* **Data**:
:::

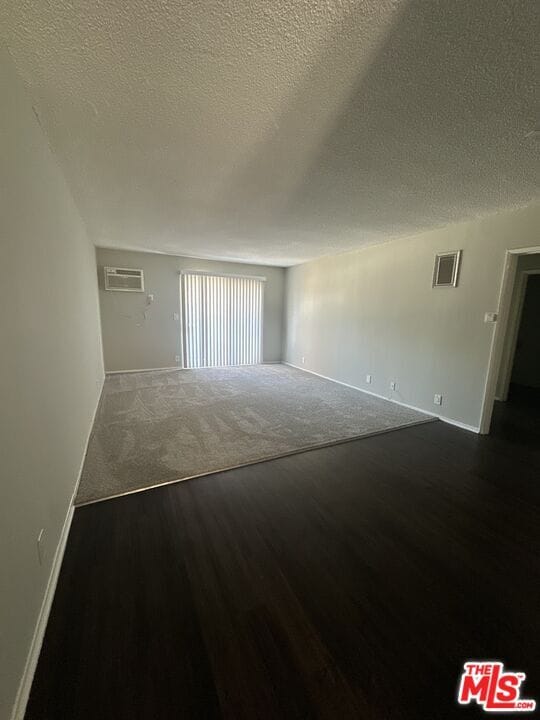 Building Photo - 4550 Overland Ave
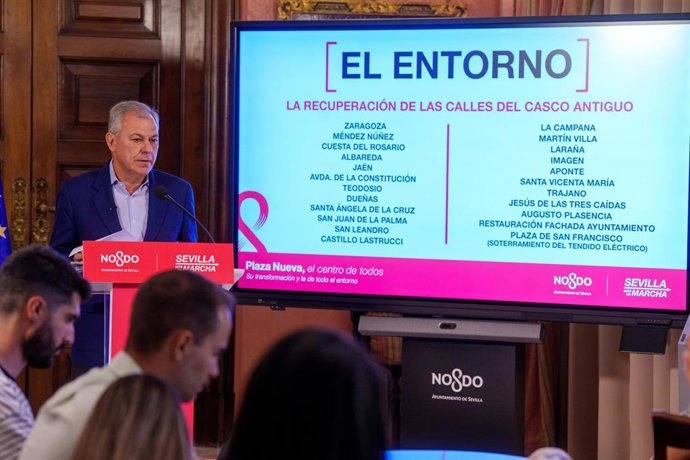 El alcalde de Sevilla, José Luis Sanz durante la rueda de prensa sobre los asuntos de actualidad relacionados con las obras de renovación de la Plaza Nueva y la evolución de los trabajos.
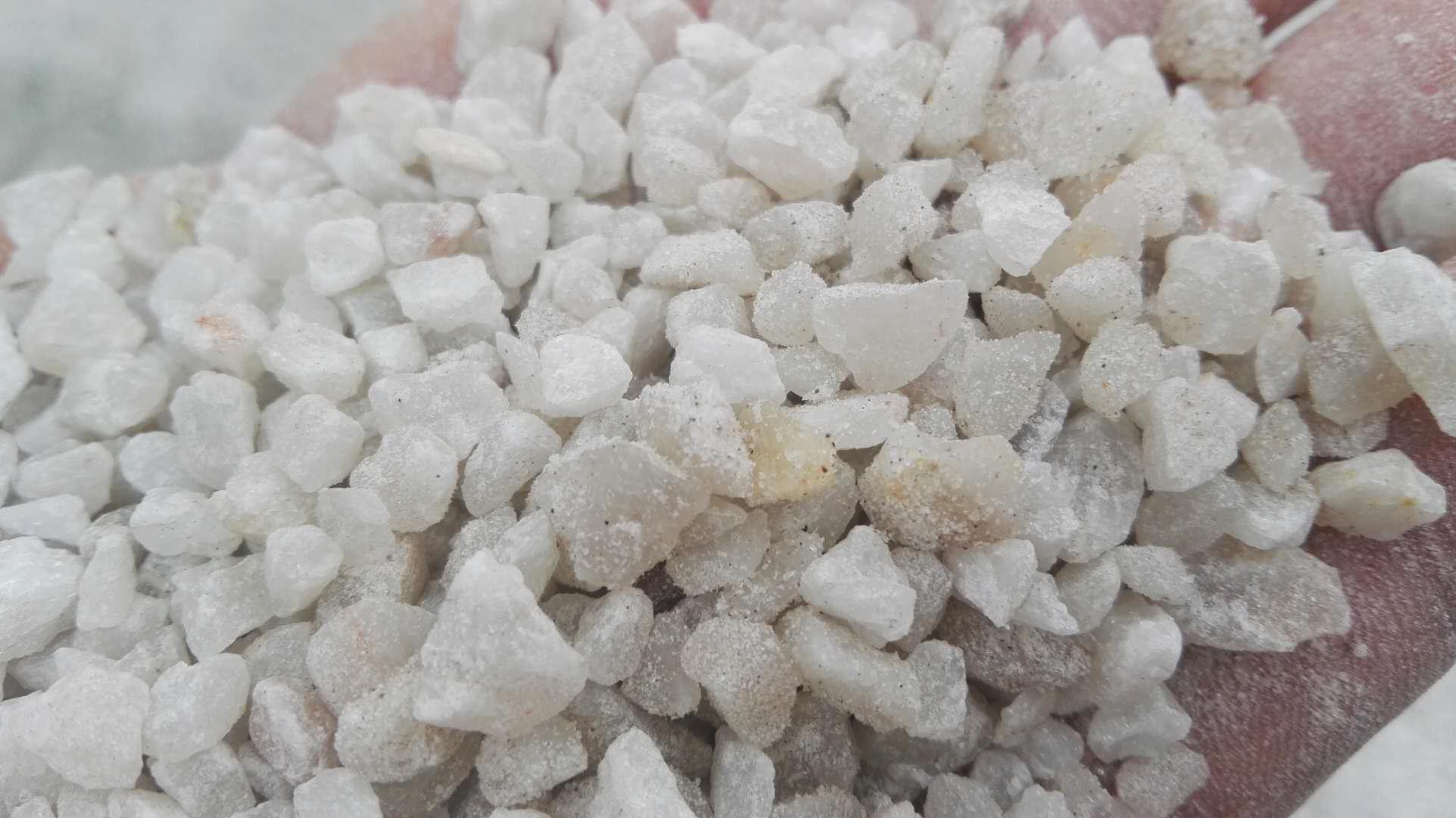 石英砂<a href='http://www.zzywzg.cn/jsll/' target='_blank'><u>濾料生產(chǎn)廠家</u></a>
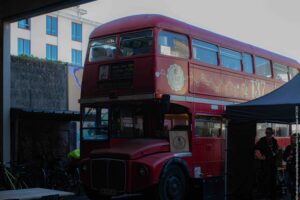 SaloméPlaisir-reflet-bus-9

:::

Output the material word for word, and keep the pictures out.

* **Result for this exercise**:
 Building Photo - 4550 Overland Ave
 El alcalde de Sevilla, José Luis Sanz durante la rueda de prensa sobre los asuntos de actualidad relacionados con las obras de renovación de la Plaza Nueva y la evolución de los trabajos.
 石英砂<a href='http://www.zzywzg.cn/jsll/' target='_blank'><u>濾料生產(chǎn)廠家</u></a>
 SaloméPlaisir-reflet-bus-9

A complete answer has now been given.